Yine özgür toplum olmalı yani madem 1982 Anayasası’nı “ama yasa” diye eleştiriyoruz, özgürlükleri düzenledikten sonra da arkasından, hurra, şunlar, şunlar olmamalı diye de bir kısıtlayıcı şeye gitmemeli.
İleri demokrasinin temel koşulları düşünce özgürlüğü, inanç özgürlüğü, ifade özgürlüğü, örgütlenme özgürlüğü ve basın özgürlüğüdür. Bunların muhakkak ki, daha rafine bir şekilde garantiye alınması gerekir.
Örgütlü toplumun önündeki engeller de kaldırılmalı, özellikle sendikal haklar yönünde, bence negatif bir değişim var son zamanlarda, bunlar önündeki engeller kaldırılmalı.
Siyasi parti özgürlükleri genişletilmeli. Bir kere siyasi partilerin yasaklanması tamamen kaldırılmalı yani bireyler, örneğin şiddet ve terör gibi birtakım “clear and present danger” denen o yakın ve mevcut tehlikeli bir şeyler yapıyorlarsa bu zaten Ceza Kanunu bakımından, Terörle Mücadele Kanunu bakımından suçtur ve cezalandırılırlar. O yüzden, siyasi partileri kapatmanın bir manası yok diye düşünüyorum.

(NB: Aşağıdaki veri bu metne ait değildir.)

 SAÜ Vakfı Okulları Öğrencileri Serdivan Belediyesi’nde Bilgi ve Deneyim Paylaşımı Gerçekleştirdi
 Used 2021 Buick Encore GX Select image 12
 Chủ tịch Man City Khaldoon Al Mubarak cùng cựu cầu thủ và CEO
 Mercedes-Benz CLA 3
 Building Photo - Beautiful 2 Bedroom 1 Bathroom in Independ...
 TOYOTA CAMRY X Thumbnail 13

Toplumumuz güvenli toplum olmalı yani sabah uyandığımız zaman, sütçü mü, polis mi, o çok söylenen bir şey şu an ama yani özellikle ceza mahkemesi koruma tedbirlerinin çok iyi şekilde anayasada yer alması gerekir ki, yasa koyucunun yersiz bir genişletmesi olmamalı özellikle koruma konusunda.
Yine, son anayasa değişikliğinde iyi bir yaklaşımdı fişlemenin yasaklanması, maalesef maddeyi okuduğunuz zaman yani eklenen fıkrayı okuduğunuz zaman hiç de fişlemenin yasaklandığını görmüyorsunuz. Fişleme gerçekten yasaklanmalı yani bireylerin objektif bilgileri dışında, yaştır, cinsiyettir, doğum yeri, doğum tarihi, bu tip bilgiler dışında, ne düşüncesine ne inancına ilişkin hiçbir düzenlemenin, bir şeyin olmaması gerekir.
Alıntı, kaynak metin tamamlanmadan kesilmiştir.